以前に、同氏が出演していた某局の『ファイトクラブ』を題材にしたTV番組では、
あまり、(申し訳ないが、)印象に残るものはありませんでした。自分の興味が映画の方に偏りすぎていて
同氏の説明や解釈が身に入らなかったのが、正直な感想です。

しかし、この『ドゥルーズの哲学原理』 (1)・(2)  のような論述となると、
流石に専門分野であるだけに素晴らしい。
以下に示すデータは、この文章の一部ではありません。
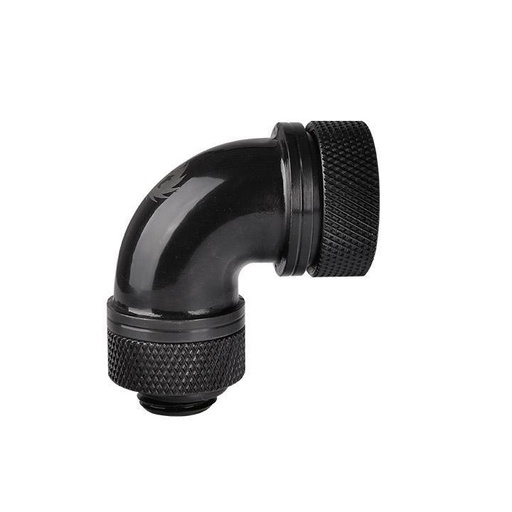 [107116659] Thermaltake Pacific G1/4 PETG Tube 90-Degree Compression 16mm OD - Black - وصلات أنابيب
また、國分氏は翻訳もこなされているので、
邦訳されたものを、さらに分かりやすく解説するようなことはお手の物といった感じがしますが、

講義などで、ドゥルーズをまとめる作業には、かなり苦労されたようだ。
専門家でも、ましてや、フランス語が堪能な新進気鋭の学者先生でも、
要約するのが大変なドゥルーズ。



以下は、
以前、2011.11.14 に書いた当ブログの修正記事。

当方のブログのタイトルの一部である
デテリトリアリザシオンとは、『脱属領化』と言う意味です。
脱属領化とは、文字通り、自分のテリトリーを離れると言うことらしいです。

転じて、広義においては、
ある秩序から離れたり、その秩序や概念を破壊する 
意味合いも含んでいます。

異教徒と闘う十字軍が自ら領地を離れる様子になぞられる概念でもあるようです。


この言葉、乃し、概念は、
フランスの思想家ジル・ドゥルーズのことばから拝借しました。
ドゥルーズが追及したのは、「分裂症的な絶対的脱属領化」であったようですが、
私はあくまでも、「消極的脱属領化」の意味でタイトルに使用しています。


このドゥルーズですが、
哲学者だという方もいらっしゃるとおもいますが、
(明確な根拠があるわけではありませんが)私は思想家として捉えています。
まぁ、どちらの肩書でもいいのですが。

先述の國分氏の論文のなかでも、
ドゥルーズの論述方法は、本来あるべき、
哲学の手法と 少し異なるというようなことも書かれていました。
それが、ドゥルーズの良さでもあるみたいです。
 
 

ドゥルーズ―生成変化のサブマリン (哲学の現代を読む 2)ドゥルーズ―生成変化のサブマリン (哲学の現代を読む 2)
(2005/12)
松本 潤一郎、大山 載吉 他

商品詳細を見る

先述の
「ドゥルーズの~」(3)・(4)を入手するまでの間は、↑ この本で周辺知識を固めておこう考えています。 



定義における『哲学』とは、
生活上『役に立たないもの』とされています。
『役に立つもの』は哲学ではなく、それ以外のものであるといえます。

役に立たないからこその意義、面白さを読書から享受しつくそうとおもいます。

それくらいの余暇、時間の余裕があってもいいだろうと考えています。